Justice Samuel Alito wrote for the court. Chief Justice John Roberts and Justices Stephen Breyer, Elena Kagan and Brett Kavanaugh joined the parts of that opinion that focused on the facts and circumstances surrounding the Bladensburg Cross. They argued that the cross – despite its explicit, obvious, and exclusive Christian meaning at the time of its dedication -- has taken on for many a secular meaning because of its age, its continuity, and the historical context of World War I. Over time, these Justices concluded, this meaning includes the sense that the cross had become “a symbolic resting place for ancestors who never returned home . . . a place for the community to gather and honor all veterans and their sacrifices for this Nation, . . . and a historical landmark.” Removing it (or forcing its transfer to private hands) would seem hostile to religion. Under these circumstances, the court majority wrote, continued display of the cross did not violate the First Amendment.
In parts of the opinion joined by only four justices (Alito, Roberts, Kavanaugh and Breyer), a plurality addressed the standards to be applied in the future. Section II-A argued that the test of Lemon v. Kurtzman – inquiring into secular purpose, secular effect and entanglement between the state and religion as a way of measuring establishment clause violations – had been systematically ignored by the Supreme Court and should no longer guide the lower courts in evaluating religious displays. Section II-D – relying heavily on decisions, including Town of Greece v.
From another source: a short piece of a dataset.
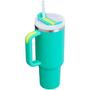 COPO STANLEY QUENCHER STANLEY ORIGINAL 1,18Lt TODAS AS CORES Imagem de COPO STANLEY QUENCHER STANLEY ORIGINAL 1,18Lt TODAS AS CORES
Galloway, about public prayer at government meetings -- argued that the appropriate tests for state sponsored religious displays involved the history and tradition of religious messages in public life. (Kagan, who had prominently dissented in Town of Greece,did not join sections II-A or II-D.)
These prayer practices, the plurality concluded, “stand out as an example of respect and tolerance for differing views, an honest endeavor to achieve inclusivity and nondiscrimination, and a recognition of the important role that religion plays in the lives of many Americans. Where categories of monuments, symbols, and practices with a longstanding history follow in that tradition, they are likewise constitutional.” The Bladensburg Cross display, five justices (including Kagan) seemed to believe, satisfied these principles.
The separate opinions from those who concurred with the result reveal a seven Justice majority with profound disagreements among themselves. Justice Kagan emphasized the continuity between this decision and earlier ones about religious displays.. “Although I agree that rigid application of the Lemon test does not solve every Establishment Clause problem, “ Kagan wrote, “I think that test’s focus on purposes and effects is crucial in evaluating government action in this sphere—as this very suit shows.” She also lifted up the plurality’s emphasis on “respect and tolerance for differing views [and] an honest endeavor to achieve inclusivity and nondiscrimination,”
Justice Breyer, joined by Kagan, concurred to emphasize the vintage (90-plus years) of the Bladensburg Cross; the divisiveness that would follow from a court ordered removal; and their agreement that the cross manifested no “deliberate disrespect of non-Christians.” Relying (without saying so) on the distinction he once famously drew between the new display of the Ten Commandments in McCreary County v. ACLU and the older display in Van Orden v. Perry, Breyer explained that he did not “understand the Court’s opinion today to adopt a ‘history and tradition test’ that would permit any newly constructed religious memorial on public land.“
Justice Kavanaugh wrote separately to emphasize that the court had for many years effectively discarded Lemon in all establishment clause disputes, about displays or otherwise. Tellingly, his analysis omitted any mention of McCreary County (invalidating Ten Commandments display as being motivated by a purpose to endorse religion) and Allegheny County (invalidating Christmas crèche display because it had the primary effect of endorsing Christianity). Affirmatively, Kavanaugh wrote that “[t]he practice of displaying religious memorials, particularly religious war memorials, on public land is not coercive and is rooted in history and tradition,” and therefore “[t]he Bladensburg Cross does not violate the Establishment Clause.“ On this more sweeping view of the plurality opinion, the age of the particular memorial challenged might be irrelevant. What would matter is whether the memorial belonged to a “practice” that had historical roots.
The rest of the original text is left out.